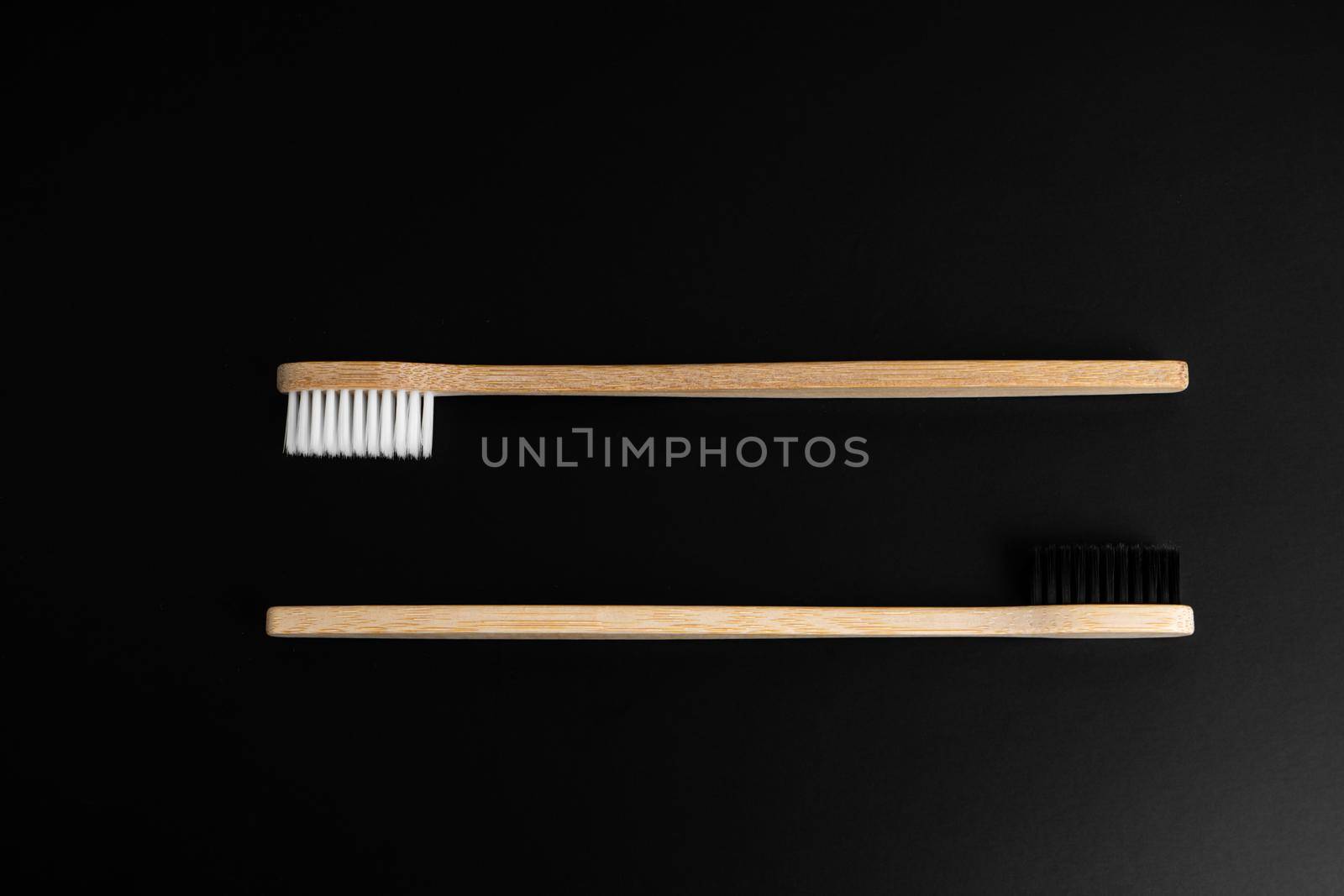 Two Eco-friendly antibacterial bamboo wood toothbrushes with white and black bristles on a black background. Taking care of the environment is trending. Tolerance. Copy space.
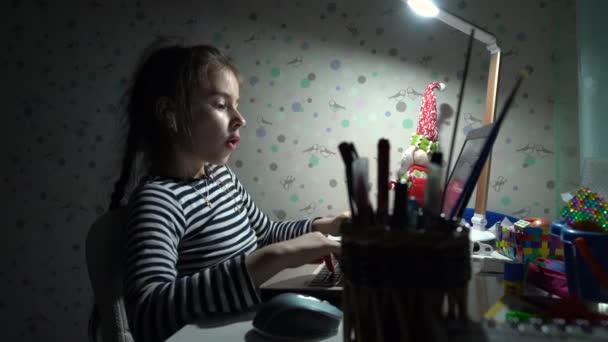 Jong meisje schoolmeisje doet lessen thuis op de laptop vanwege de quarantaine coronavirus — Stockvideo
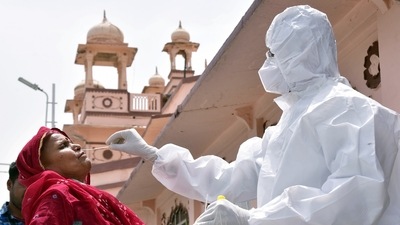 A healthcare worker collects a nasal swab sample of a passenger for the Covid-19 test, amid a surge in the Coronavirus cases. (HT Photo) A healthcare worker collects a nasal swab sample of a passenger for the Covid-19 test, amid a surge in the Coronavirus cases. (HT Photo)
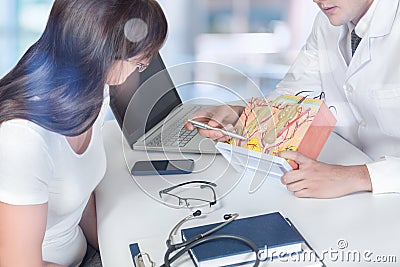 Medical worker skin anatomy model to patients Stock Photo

**********

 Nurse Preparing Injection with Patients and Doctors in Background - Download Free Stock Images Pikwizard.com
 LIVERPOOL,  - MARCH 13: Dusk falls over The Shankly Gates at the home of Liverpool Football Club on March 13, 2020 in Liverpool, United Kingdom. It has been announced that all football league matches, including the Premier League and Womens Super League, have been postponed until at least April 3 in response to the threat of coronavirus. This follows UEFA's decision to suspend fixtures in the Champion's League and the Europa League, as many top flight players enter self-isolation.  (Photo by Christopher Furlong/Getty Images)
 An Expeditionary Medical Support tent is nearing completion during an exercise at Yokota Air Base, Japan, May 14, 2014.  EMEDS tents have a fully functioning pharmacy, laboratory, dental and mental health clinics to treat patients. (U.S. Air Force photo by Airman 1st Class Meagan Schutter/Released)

**********

*Problem to work on*: Working from the records above, set down word for word everything from the line containing "Two Eco-friendly antibacterial" down to the line containing "Medical worker skin", ends included, minus the pictures.

*Task output*:
 Two Eco-friendly antibacterial bamboo wood toothbrushes with white and black bristles on a black background. Taking care of the environment is trending. Tolerance. Copy space.
 Jong meisje schoolmeisje doet lessen thuis op de laptop vanwege de quarantaine coronavirus — Stockvideo
 A healthcare worker collects a nasal swab sample of a passenger for the Covid-19 test, amid a surge in the Coronavirus cases. (HT Photo) A healthcare worker collects a nasal swab sample of a passenger for the Covid-19 test, amid a surge in the Coronavirus cases. (HT Photo)
 Medical worker skin anatomy model to patients Stock Photo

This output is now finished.